LETTERA APERTA
di Chiara Landonio
Ricostruire il corpo
sociale
C’è
un nuovo fermento in questi ultimi mesi, nato dallo sdegno per il genocidio a
Gaza e acuito dal fatto che sia il primo genocidio trasmesso in diretta, cosa
che ha accresciuto il senso di impotenza delle moltitudini. Le persone si
incontrano alle manifestazioni, si riuniscono, ma il lavoro che abbiamo di
fronte è lungo e va preparato. Abbiamo vissuto dagli anni Ottanta in poi in
maniera sempre più disgregata, ci siamo chiusi nella privatezza delle nostre
vite e abbiamo delegato sempre più le funzioni sociali che ci competevano. I
sindacati si sono trasformati vieppiù in agenzie di servizi alla persona,
mentre hanno dimenticato le rivendicazioni sociali, in un mercato del lavoro
che si è atomizzato e precarizzato. Si è andata creando una spaccatura tra i popoli
e la vita politica, una disaffezione dovuta alla sensazione che i politici
siano sempre più attratti dal potere in quanto tale o cooptati da poteri forti
che promuovono la propria agenda piuttosto che il bene della collettività.
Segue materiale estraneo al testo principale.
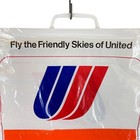Vintage United Airlines Shopping Bag Travel 1980s New Plastic Handles 17 x14 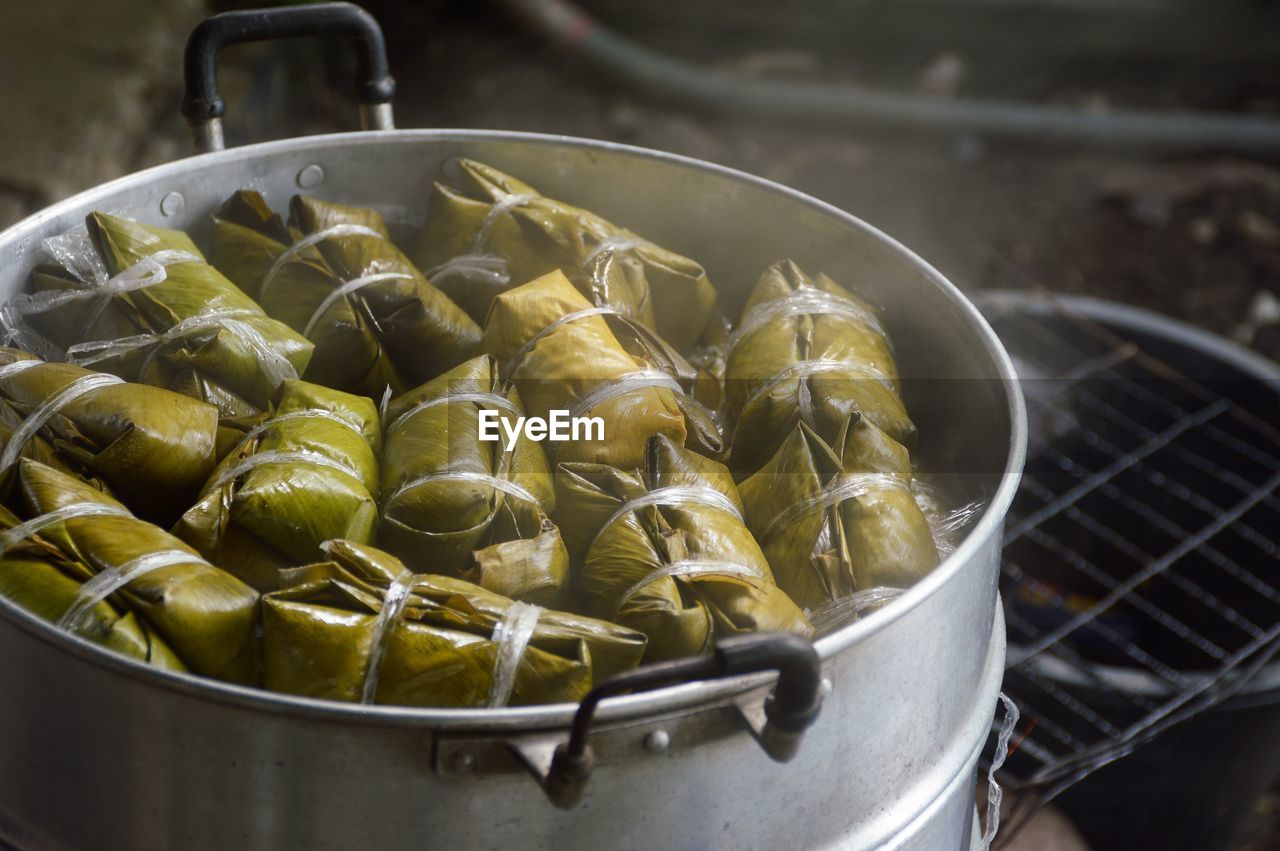 High angle view of food steaming in container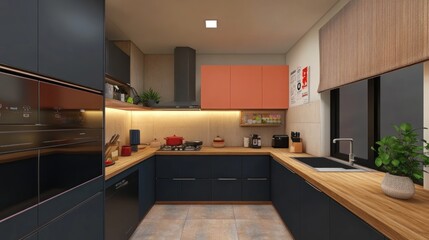 Modern L-shaped kitchen with dark blue cabinets, orange accents, wood countertops, and integrated appliances.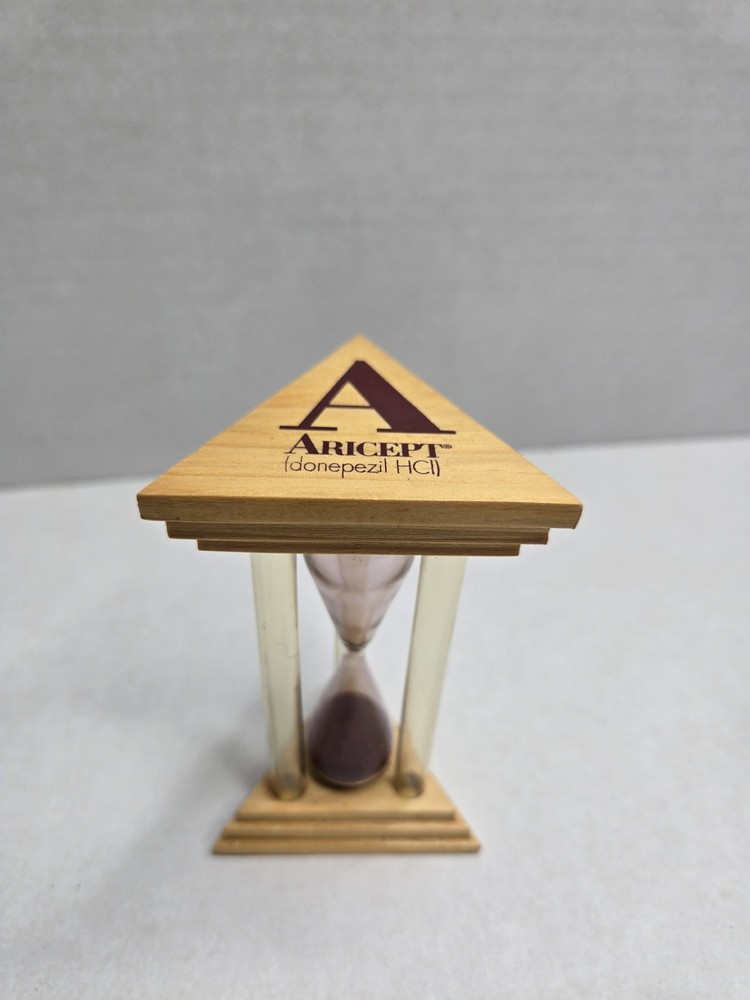 Aricept Drug Rep Pharmaceutical Advertising Alzheimers Sand Timer Burgundy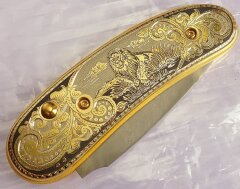 Нож складной дамасский "Лев"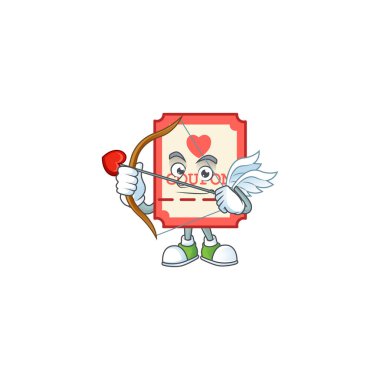 A romantic sweet red love coupon Cupid with arrow and wings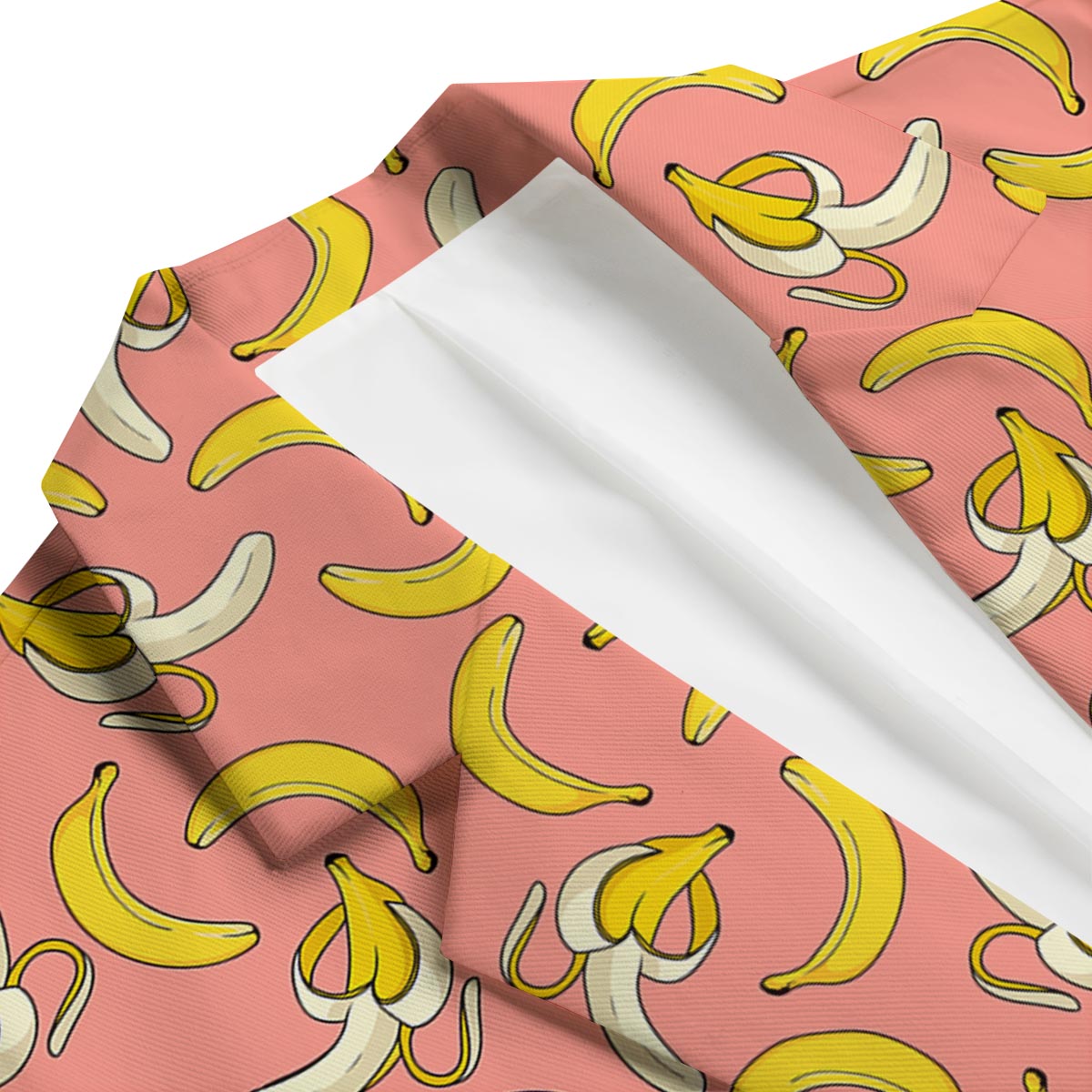 Pink Banana Pattern Print Men's Blazer-grizzshop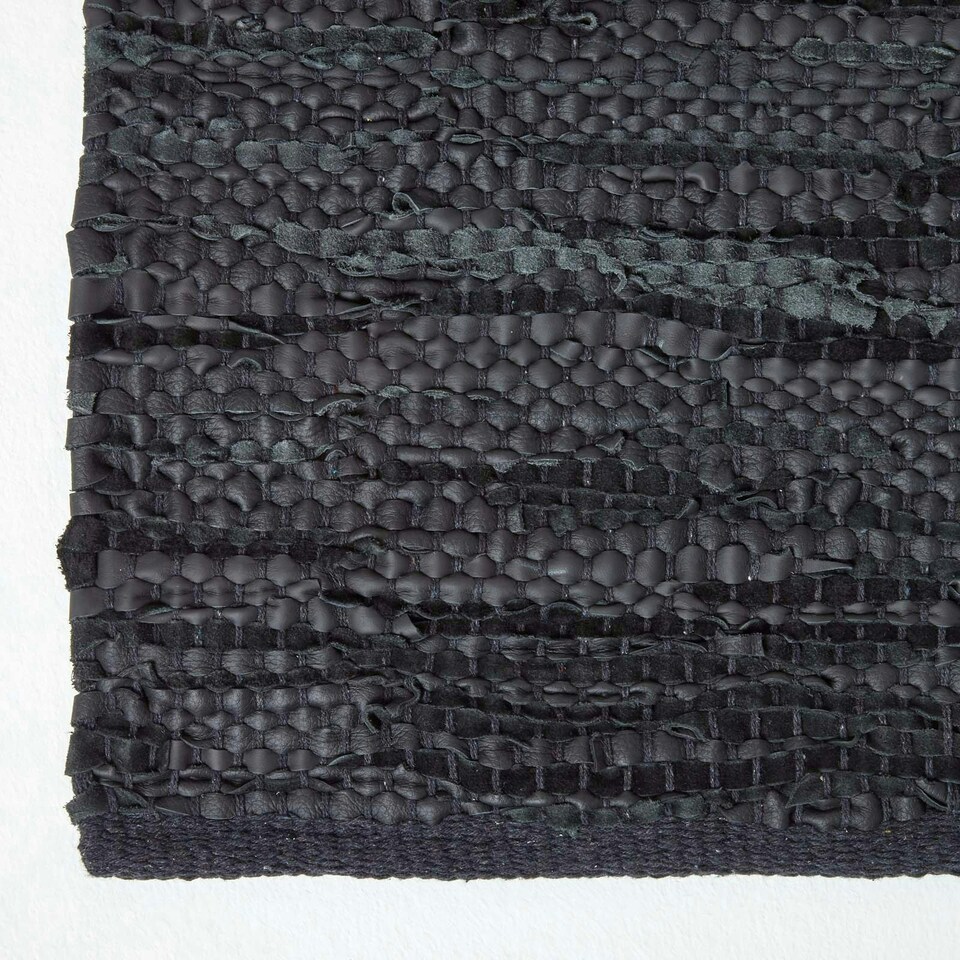 image 1 of Homescapes Denver Leather Woven Rug Black - 120 x 180 cm Black | 120 x 180 cm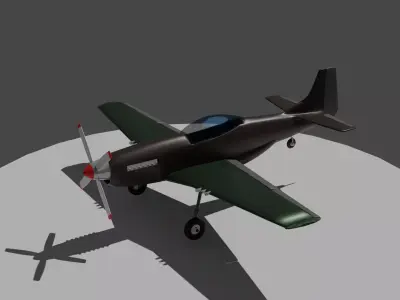 P51 Mustang Low-poly 3D model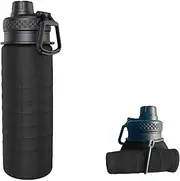 Collapsible Water Bottles, BPA Free 700ml/24oz Silicone Foldable Water Bottle, Portable Sport Water Bottle for Travel Camping Hiking Cycling Yoga Outdoor Adventures (Black)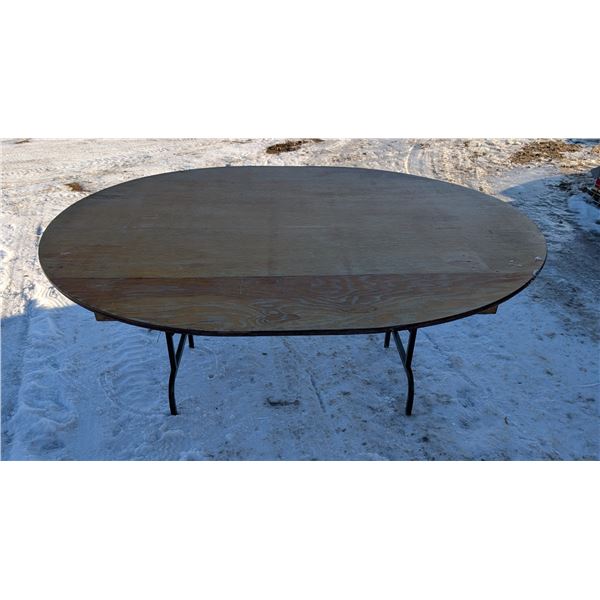 Round Wood Table with Metal Folding Legs 5ft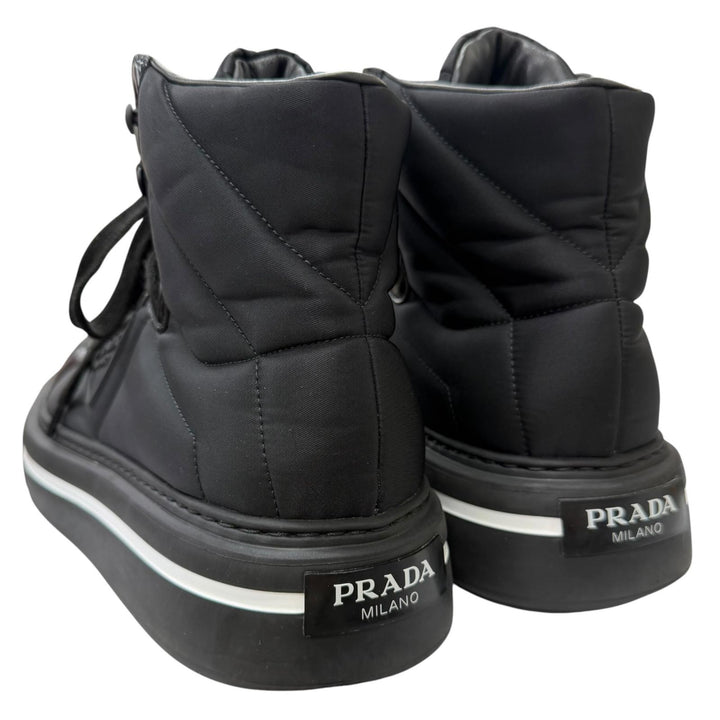 美品□PRADA プラダ 2TG183 レザー使い トライアングルロゴ Re-Nylon ハイカットスニーカー ブラック 8 イタリア製 メンズ 保存袋付き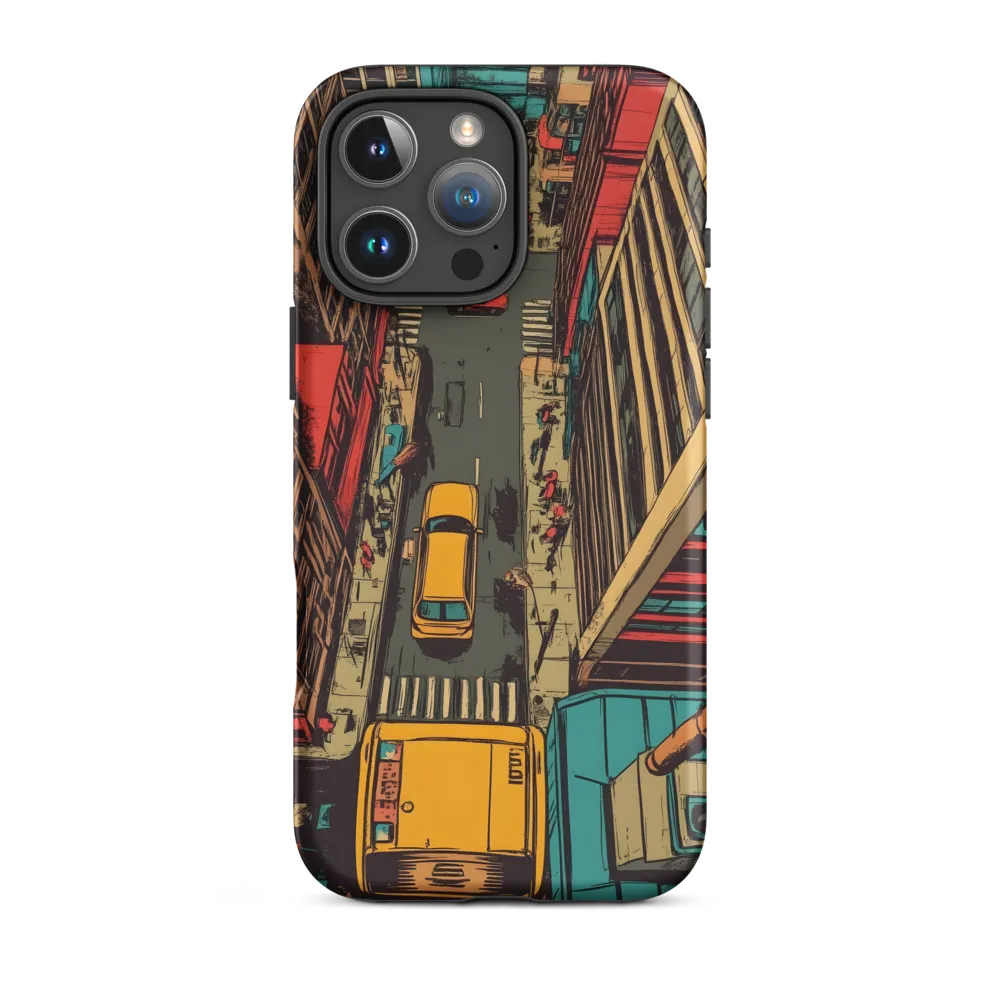 Aerial Cityscape with Yellow Taxis | Phone Case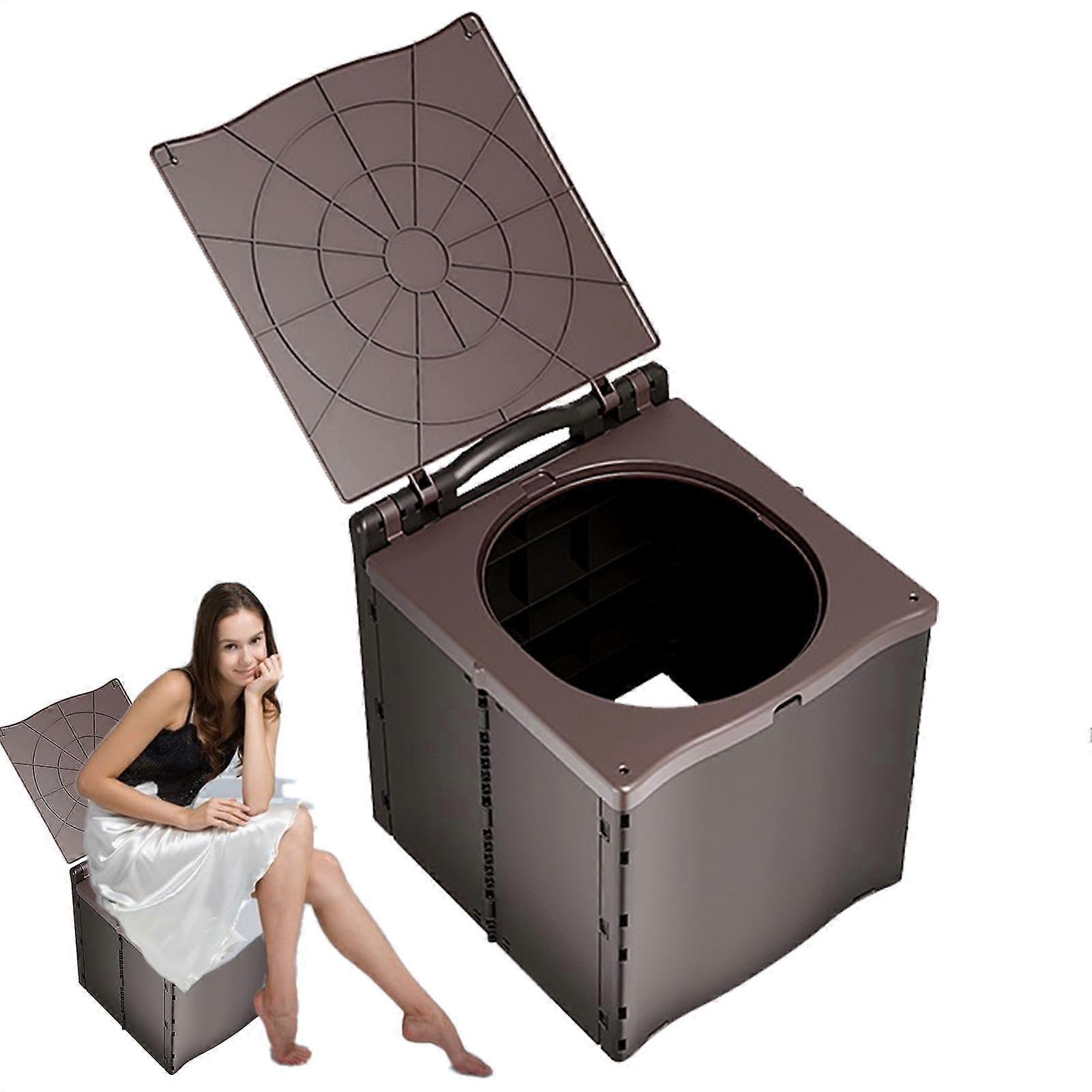 Portable Toilets for Adults - Brown Portable Toilet for Camping, Road Trips, Picnics, and Mountaineering, Lightweight and Durable
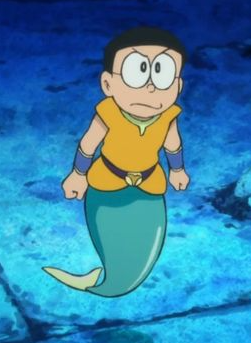 Nobita Mermaid Meme Template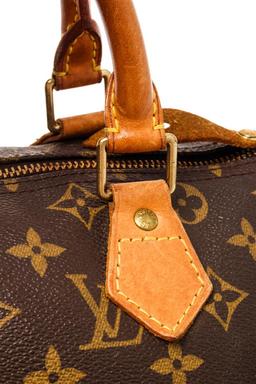 Louis Vuitton Brown Monogram Leather Speedy 30 Satchel Bag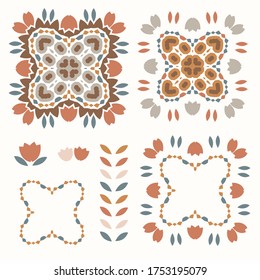 Boho floral design element clipart. Isolated decorative hand drawn flower doodle icon. Gender neutral quilt block earthy colors. 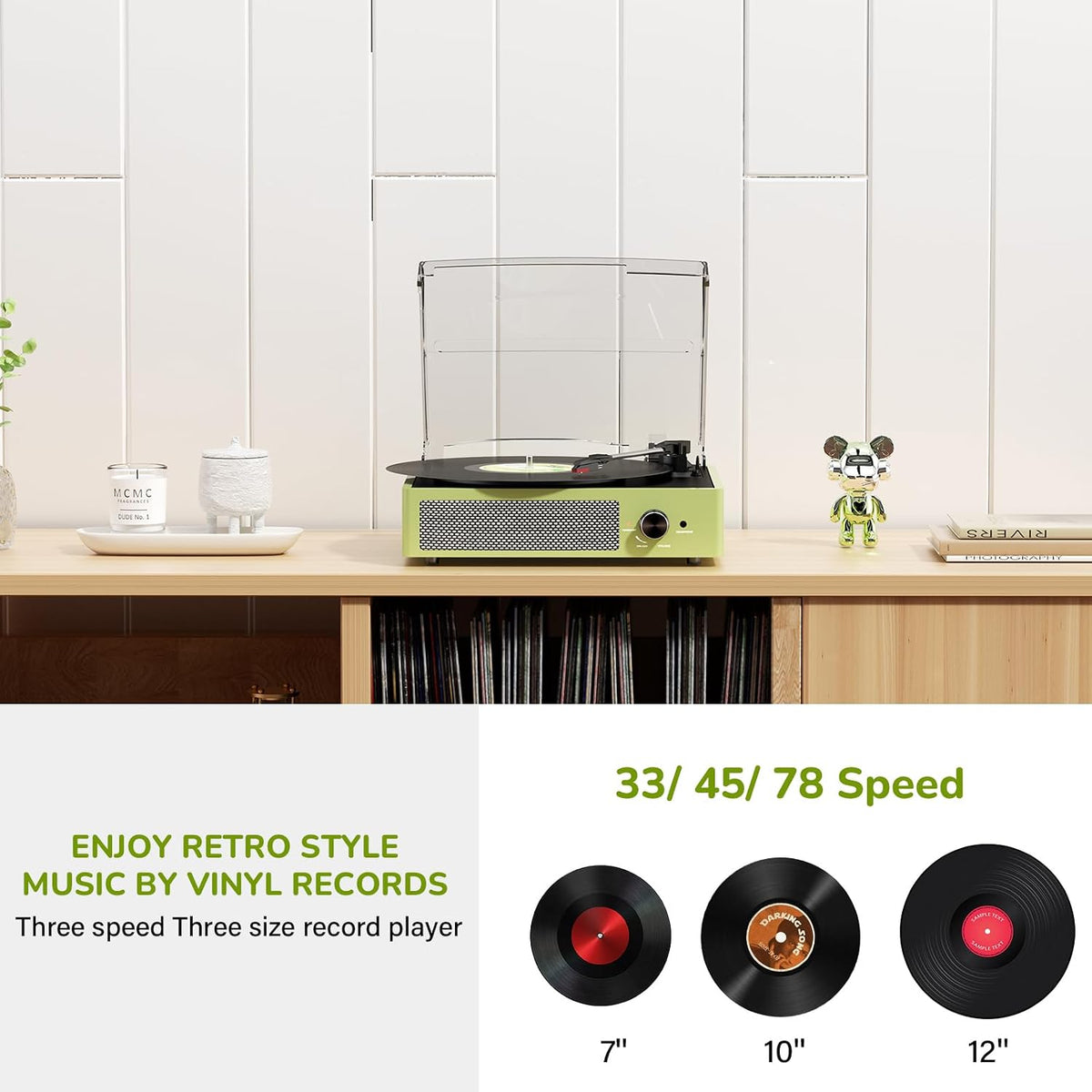 Vinyl Record Player with 2 Stereo Speakers Belt-Driven Vintage Turntables 3 Speed 3 Size Wireless Bluetooth Playback Aux-In RCA Out Headphone LP Vinyl Players Auto Stop Light Green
Il
meccanismo del voto è stato svuotato dall’interno, passando da un proporzionale
puro ad un maggioritario che ormai tiene fuori il dissenso, fino a fare del
non-voto l’ultima forma di resistenza dei cittadini.
Tutti fattori che hanno
contribuito alla crescita di idee individualistiche, al ripiegamento su se
stessi, alla fine del dialogo e che hanno avuto come portato lo smembramento
del corpo sociale.
È venuto il tempo di
mettere a fuoco cosa sia il potere che abbiamo di fronte, sempre più nascosto,
sempre meno nominato perché non ha nomi, perché si avvale di burocrazie ligie
al programma e che si avvicendano in una comunanza dei fini. Vedere quanto noi
lo supportiamo con i nostri comportamenti quotidiani, con il nostro
individualismo, e quanto esso ci abbia fatto credere di essere liberi mentre ci
imprigionava con gli stessi mezzi che noi abbiamo considerato legati alla
nostra emancipazione. E per fare questo è necessario ricostruire un corpo
sociale vivente, il che significa individualità sempre più coscienti e che
ricomincino ad avere fiducia nel proprio potere, che sappiano organizzare
alleanze.
Il potere ha forza nella
disgregazione e la insinua nei luoghi che prima erano luoghi aggreganti come i
luoghi di lavoro, le fabbriche, le scuole, gli ospedali… da qui bisogna ricominciare
dialogando, unendosi per sentirsi più determinati e aprirsi all’esterno per
cercare le alleanze che supportino queste forze. Ieri è giunta la prima notizia
di una possibile convergenza tra USB e CGIL per uno sciopero generale. È un
inizio, una risposta alle persone che dal basso, sia fuori che dentro al
sindacato chiedevano convergenza e hanno urlato contro i protagonismi,
piuttosto che venire dalle dirigenze in quanto tali. È come se ci fosse un'intelligenza
che ci supera come singoli, come quando si guardano gli storni che entrano
nella schiera e si muovono come un corpo unico e nuovo e dimentico almeno un
po’ dell’individualità. E allora bisogna credere a questa possibilità di stare
insieme.
Vorrei fare un esempio di
questa forza: la scuola si è nel tempo sempre più isolata, si è trasformata in
un’azienda che doveva fare profitto e cooptare più ragazzi possibili. I
dirigenti si sono sempre più allontanati dal corpo docente e il corpo docente
dai genitori e dagli alunni. Ognuno pensa di essere solo e di dover portare il
proprio peso, ma questo può essere cambiato. I genitori che si uniscono, che si
informano possono diventare un sostegno da fuori contro le politiche
suprematiste, belligeranti che si insinuano nei programmi scolastici, possono
diventare alleati degli insegnanti che si battono contro questa deriva
dell’educazione. E questo vale anche per gli alunni che devono essere informati
della situazione vigente, devono poter dire la loro per trovare il proprio modo
di intervenire nel mondo. Oggi abbiamo bisogno di dialogo e di alleanze,
ricreare “loci” forti e attivi di contropotere per la Palestina, contro la
guerra europea che si profila all’orizzonte, contro il modello capitalistico
dell’Occidente che ormai appare in tutta la sua nefandezza.